No! Unplug the internal speaker and plug your external cab into the internal jack. Something always needs to be hooked up to the regular (internal) speaker jack.



the-patient said:


> Here's a quick question,
> 
> Can I run out of the extension cab output with the internal speaker disconnected? Will this damage my trafo?


----------



## the-patient (May 19, 2009)

Sounds good! I'll have to install a jack then!

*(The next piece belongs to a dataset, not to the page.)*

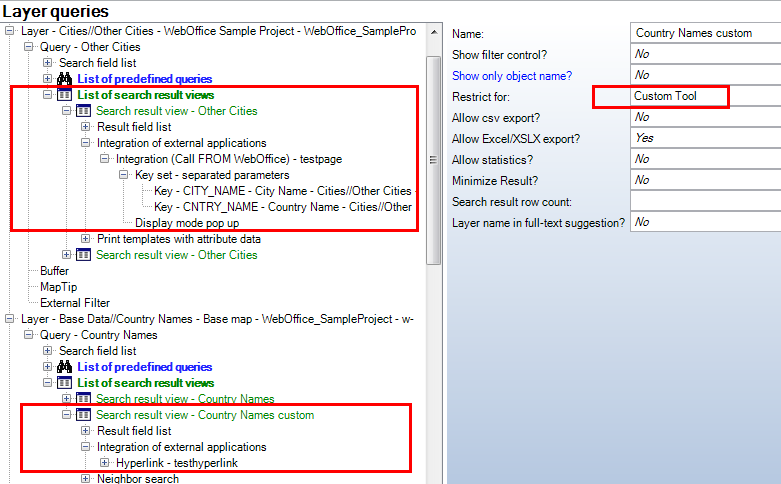 info tool - several search result views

Thanks for the quick reply!

Sent from my SGH-I747 using Tapatalk 2


----------



## traynor_garnet (Feb 22, 2006)

Isn't there just a regular 1/4" jack for the combo speaker? Or, is the speaker "hardwired" with a speaker cable?




the-patient said:


> Sounds good! I'll have to install a jack then!
> 
> Thanks for the quick reply!
> 
> Sent from my SGH-I747 using Tapatalk 2


----------



## the-patient (May 19, 2009)

She's hardwired unfortunately!

Sent from my SGH-I747 using Tapatalk 2


----------



## jb welder (Sep 14, 2010)

No need to install another jack, go ahead and use the ext.spkr. jack. In the YBA-4, the internal spkr. and ext.spkr. jack are parallel so there is no problem.
If it did have both int. and ext. spkr. jacks, then you always need something plugged into the int. jack. The int. spkr. jacks usually have shorting contacts that short out the amp in case nothing is plugged into the jack, thus saving the output transformer from damage.
But if it is hardwired, you can do as you first suggested, disconnect the internal speaker, and connect a speaker to the ext. spkr. jack.
But you can NOT use the amp without some speaker connected. If you were wondering if you could disconnect the speaker and run the ext. spkr. jack into something other than a speaker, you can not.


----------



## the-patient (May 19, 2009)

This answers my question perfectly! And no I would never ever run an amp without a load connected!




jb welder said:


> No need to install another jack, go ahead and use the ext.spkr. jack. In the YBA-4, the internal spkr. and ext.spkr. jack are parallel so there is no problem.
> If it did have both int. and ext. spkr. jacks, then you always need something plugged into the int. jack. The int. spkr. jacks usually have shorting contacts that short out the amp in case nothing is plugged into the jack, thus saving the output transformer from damage.
> But if it is hardwired, you can do as you first suggested, disconnect the internal speaker, and connect a speaker to the ext. spkr. jack.
> But you can NOT use the amp without some speaker connected. If you were wondering if you could disconnect the speaker and run the ext. spkr. jack into something other than a speaker, you can not.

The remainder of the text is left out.